I've made a few knob sticks, but I really don't think they'd be good for support, more for balance while walking (especially outdoors). A good handle (like a Derby or Fritz) allows you to keep your wrist straighter while your fingers wrap around the handle. A knob stick would mean either draping your fingers down over the knob while the knob itself is in your palm, or grabbing it below the knob which puts your wrist out of alignment.

I suppose it would depend on the shape of the knob to a certain extent. The second one would be better able, in my opinion, to offer support as opposed to balance.


----------



## Blackstaff

dww2 said:


> I've made a few knob sticks, but I really don't think they'd be good for support, more for balance while walking (especially outdoors). A good handle (like a Derby or Fritz) allows you to keep your wrist straighter while your fingers wrap around the handle.

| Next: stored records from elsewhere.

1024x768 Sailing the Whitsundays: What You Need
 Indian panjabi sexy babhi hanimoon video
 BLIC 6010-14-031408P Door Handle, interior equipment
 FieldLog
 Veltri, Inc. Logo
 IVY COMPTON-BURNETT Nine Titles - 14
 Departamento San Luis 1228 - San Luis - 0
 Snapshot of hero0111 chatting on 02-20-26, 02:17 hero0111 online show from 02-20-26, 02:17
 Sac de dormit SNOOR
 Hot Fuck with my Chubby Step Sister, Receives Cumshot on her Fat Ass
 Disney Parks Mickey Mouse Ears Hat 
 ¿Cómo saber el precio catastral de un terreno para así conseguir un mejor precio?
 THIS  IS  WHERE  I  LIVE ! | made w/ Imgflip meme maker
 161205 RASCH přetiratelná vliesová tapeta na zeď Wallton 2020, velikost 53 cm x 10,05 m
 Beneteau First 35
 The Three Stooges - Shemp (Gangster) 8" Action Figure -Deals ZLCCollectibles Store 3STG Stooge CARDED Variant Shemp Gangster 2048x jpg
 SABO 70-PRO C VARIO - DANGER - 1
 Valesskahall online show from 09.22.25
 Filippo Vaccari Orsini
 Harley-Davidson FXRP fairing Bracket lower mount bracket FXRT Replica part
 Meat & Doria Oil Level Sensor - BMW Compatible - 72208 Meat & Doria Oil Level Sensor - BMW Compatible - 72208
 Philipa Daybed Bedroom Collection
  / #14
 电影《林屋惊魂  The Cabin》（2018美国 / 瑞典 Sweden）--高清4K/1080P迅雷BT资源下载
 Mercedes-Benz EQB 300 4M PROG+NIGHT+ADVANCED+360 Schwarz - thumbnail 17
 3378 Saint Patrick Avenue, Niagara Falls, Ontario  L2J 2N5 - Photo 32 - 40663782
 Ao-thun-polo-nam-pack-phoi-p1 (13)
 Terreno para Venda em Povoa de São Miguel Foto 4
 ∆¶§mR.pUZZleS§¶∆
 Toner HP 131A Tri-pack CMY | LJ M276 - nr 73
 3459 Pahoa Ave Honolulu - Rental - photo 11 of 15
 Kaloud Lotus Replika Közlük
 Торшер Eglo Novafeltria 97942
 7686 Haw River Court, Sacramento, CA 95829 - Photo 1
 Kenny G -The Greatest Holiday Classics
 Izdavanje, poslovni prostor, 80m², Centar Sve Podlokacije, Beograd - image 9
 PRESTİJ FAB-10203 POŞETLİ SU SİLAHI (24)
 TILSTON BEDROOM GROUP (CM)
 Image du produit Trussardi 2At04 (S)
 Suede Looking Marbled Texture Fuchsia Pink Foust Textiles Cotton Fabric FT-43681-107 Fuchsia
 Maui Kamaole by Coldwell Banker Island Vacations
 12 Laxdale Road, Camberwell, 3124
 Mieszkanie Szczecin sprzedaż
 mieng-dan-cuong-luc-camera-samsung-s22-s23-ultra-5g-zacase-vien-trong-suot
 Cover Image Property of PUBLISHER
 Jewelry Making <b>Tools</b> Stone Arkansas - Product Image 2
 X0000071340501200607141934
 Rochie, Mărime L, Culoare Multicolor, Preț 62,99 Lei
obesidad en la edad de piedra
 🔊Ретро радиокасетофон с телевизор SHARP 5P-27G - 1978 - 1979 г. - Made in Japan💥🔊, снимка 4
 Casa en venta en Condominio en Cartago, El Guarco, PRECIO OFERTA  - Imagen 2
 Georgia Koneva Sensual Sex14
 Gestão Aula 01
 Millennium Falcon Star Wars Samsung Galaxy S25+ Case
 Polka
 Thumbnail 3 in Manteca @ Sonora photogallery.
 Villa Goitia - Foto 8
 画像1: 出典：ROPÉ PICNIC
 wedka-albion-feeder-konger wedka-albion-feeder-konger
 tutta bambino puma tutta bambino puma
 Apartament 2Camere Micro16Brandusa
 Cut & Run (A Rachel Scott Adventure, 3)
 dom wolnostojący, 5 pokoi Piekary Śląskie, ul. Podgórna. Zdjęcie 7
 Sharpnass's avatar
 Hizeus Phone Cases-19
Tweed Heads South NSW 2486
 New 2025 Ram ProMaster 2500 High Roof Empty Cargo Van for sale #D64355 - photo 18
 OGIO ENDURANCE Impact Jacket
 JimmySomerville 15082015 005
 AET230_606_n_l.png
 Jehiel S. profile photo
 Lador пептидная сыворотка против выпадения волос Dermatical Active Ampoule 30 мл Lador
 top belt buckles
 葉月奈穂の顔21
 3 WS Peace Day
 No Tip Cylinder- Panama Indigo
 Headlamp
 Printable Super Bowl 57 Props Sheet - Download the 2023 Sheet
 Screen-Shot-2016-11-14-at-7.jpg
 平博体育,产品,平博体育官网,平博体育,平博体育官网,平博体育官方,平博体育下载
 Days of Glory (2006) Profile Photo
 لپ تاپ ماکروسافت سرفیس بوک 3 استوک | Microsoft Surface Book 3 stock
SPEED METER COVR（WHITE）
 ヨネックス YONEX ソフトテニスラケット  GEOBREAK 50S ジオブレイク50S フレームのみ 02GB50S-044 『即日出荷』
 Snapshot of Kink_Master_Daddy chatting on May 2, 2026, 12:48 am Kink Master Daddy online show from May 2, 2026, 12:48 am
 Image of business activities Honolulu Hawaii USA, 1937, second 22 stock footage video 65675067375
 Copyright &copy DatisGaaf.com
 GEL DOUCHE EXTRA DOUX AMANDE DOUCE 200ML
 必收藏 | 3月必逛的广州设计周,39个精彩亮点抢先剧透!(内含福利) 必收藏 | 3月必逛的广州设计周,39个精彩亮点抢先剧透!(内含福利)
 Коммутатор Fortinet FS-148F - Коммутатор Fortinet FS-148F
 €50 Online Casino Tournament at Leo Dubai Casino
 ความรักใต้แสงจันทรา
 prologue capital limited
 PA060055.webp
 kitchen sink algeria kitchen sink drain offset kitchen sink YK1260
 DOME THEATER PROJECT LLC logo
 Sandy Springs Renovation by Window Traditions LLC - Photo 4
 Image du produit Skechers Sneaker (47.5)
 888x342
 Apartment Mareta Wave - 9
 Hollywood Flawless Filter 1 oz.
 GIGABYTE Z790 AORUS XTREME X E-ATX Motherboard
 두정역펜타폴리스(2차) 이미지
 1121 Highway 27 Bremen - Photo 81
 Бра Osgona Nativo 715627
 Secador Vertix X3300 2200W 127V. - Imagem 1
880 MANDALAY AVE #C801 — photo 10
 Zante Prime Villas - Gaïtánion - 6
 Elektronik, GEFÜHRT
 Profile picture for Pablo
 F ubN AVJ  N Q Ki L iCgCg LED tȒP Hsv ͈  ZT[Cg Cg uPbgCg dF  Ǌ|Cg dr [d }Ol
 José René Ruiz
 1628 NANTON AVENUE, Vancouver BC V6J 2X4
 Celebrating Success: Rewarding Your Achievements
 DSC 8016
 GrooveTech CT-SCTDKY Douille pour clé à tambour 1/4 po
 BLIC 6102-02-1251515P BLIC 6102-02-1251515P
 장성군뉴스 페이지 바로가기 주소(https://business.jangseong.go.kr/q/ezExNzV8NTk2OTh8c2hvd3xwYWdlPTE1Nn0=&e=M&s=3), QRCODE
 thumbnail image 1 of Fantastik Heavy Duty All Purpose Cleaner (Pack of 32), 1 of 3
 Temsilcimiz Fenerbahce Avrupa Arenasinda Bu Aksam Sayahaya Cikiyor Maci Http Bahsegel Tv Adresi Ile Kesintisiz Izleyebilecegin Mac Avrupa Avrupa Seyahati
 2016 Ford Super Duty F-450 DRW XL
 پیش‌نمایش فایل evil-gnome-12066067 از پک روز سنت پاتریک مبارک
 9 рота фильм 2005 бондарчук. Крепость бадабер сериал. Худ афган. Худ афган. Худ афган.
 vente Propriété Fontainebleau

A knob stick would mean either draping your fingers down over the knob while the knob itself is in your palm, or grabbing it below the knob which puts your wrist out of alignment.
> 
> I suppose it would depend on the shape of the knob to a certain extent. The second one would be better able, in my opinion, to offer support as opposed to balance.


Thanks for sharing your photos and for the advice about support vs. balance, I think you are spot on sir.


----------



## reidplum

To get some idea of two or three piece sticks, go on the web and find Brazos Walking Sticks. They are a larger company, but still offer hand made wooden sticks. They can make any style that they have with one or two joints. Call them for info.

Reid


----------